Exercise directions: Starting at the first line and ending at the last, output the data exactly.

═══ Material for this task

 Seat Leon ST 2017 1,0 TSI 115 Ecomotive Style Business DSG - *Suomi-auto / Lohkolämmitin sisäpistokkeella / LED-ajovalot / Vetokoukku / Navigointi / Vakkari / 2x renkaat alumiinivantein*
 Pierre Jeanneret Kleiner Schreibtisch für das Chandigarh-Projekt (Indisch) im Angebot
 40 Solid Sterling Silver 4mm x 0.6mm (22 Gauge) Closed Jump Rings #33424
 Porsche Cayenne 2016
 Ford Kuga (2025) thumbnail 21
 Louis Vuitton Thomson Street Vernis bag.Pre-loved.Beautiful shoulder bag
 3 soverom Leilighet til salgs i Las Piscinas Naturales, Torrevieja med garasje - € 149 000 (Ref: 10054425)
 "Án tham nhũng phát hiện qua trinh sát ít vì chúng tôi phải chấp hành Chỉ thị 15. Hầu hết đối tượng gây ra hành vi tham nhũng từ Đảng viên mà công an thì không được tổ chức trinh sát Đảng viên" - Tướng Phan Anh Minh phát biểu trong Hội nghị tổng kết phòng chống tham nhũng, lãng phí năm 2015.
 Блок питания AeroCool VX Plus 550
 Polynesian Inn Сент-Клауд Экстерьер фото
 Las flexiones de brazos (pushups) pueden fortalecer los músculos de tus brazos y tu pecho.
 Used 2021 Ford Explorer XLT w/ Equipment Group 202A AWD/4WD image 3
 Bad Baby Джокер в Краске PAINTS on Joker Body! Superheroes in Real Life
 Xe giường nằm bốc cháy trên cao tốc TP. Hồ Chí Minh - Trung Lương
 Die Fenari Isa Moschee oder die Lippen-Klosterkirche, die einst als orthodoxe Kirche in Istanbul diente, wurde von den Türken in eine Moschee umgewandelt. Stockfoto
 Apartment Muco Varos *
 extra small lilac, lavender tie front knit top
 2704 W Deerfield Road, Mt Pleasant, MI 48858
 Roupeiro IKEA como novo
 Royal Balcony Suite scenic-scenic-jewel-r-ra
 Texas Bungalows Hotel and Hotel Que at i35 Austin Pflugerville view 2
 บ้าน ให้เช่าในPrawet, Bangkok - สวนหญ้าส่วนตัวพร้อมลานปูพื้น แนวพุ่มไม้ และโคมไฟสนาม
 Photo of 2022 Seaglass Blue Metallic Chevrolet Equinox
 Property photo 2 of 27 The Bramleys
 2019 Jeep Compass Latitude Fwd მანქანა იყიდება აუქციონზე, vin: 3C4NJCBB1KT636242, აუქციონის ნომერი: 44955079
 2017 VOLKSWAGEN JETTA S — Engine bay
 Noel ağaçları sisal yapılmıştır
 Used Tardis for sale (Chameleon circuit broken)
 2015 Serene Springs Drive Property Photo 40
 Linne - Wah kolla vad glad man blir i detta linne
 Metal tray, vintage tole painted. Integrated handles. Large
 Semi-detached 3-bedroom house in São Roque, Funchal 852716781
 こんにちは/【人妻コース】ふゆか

══════

Task response:
 Seat Leon ST 2017 1,0 TSI 115 Ecomotive Style Business DSG - *Suomi-auto / Lohkolämmitin sisäpistokkeella / LED-ajovalot / Vetokoukku / Navigointi / Vakkari / 2x renkaat alumiinivantein*
 Pierre Jeanneret Kleiner Schreibtisch für das Chandigarh-Projekt (Indisch) im Angebot
 40 Solid Sterling Silver 4mm x 0.6mm (22 Gauge) Closed Jump Rings #33424
 Porsche Cayenne 2016
 Ford Kuga (2025) thumbnail 21
 Louis Vuitton Thomson Street Vernis bag.Pre-loved.Beautiful shoulder bag
 3 soverom Leilighet til salgs i Las Piscinas Naturales, Torrevieja med garasje - € 149 000 (Ref: 10054425)
 "Án tham nhũng phát hiện qua trinh sát ít vì chúng tôi phải chấp hành Chỉ thị 15. Hầu hết đối tượng gây ra hành vi tham nhũng từ Đảng viên mà công an thì không được tổ chức trinh sát Đảng viên" - Tướng Phan Anh Minh phát biểu trong Hội nghị tổng kết phòng chống tham nhũng, lãng phí năm 2015.
 Блок питания AeroCool VX Plus 550
 Polynesian Inn Сент-Клауд Экстерьер фото
 Las flexiones de brazos (pushups) pueden fortalecer los músculos de tus brazos y tu pecho.
 Used 2021 Ford Explorer XLT w/ Equipment Group 202A AWD/4WD image 3
 Bad Baby Джокер в Краске PAINTS on Joker Body! Superheroes in Real Life
 Xe giường nằm bốc cháy trên cao tốc TP. Hồ Chí Minh - Trung Lương
 Die Fenari Isa Moschee oder die Lippen-Klosterkirche, die einst als orthodoxe Kirche in Istanbul diente, wurde von den Türken in eine Moschee umgewandelt. Stockfoto
 Apartment Muco Varos *
 extra small lilac, lavender tie front knit top
 2704 W Deerfield Road, Mt Pleasant, MI 48858
 Roupeiro IKEA como novo
 Royal Balcony Suite scenic-scenic-jewel-r-ra
 Texas Bungalows Hotel and Hotel Que at i35 Austin Pflugerville view 2
 บ้าน ให้เช่าในPrawet, Bangkok - สวนหญ้าส่วนตัวพร้อมลานปูพื้น แนวพุ่มไม้ และโคมไฟสนาม
 Photo of 2022 Seaglass Blue Metallic Chevrolet Equinox
 Property photo 2 of 27 The Bramleys
 2019 Jeep Compass Latitude Fwd მანქანა იყიდება აუქციონზე, vin: 3C4NJCBB1KT636242, აუქციონის ნომერი: 44955079
 2017 VOLKSWAGEN JETTA S — Engine bay
 Noel ağaçları sisal yapılmıştır
 Used Tardis for sale (Chameleon circuit broken)
 2015 Serene Springs Drive Property Photo 40
 Linne - Wah kolla vad glad man blir i detta linne
 Metal tray, vintage tole painted. Integrated handles. Large
 Semi-detached 3-bedroom house in São Roque, Funchal 852716781
 こんにちは/【人妻コース】ふゆか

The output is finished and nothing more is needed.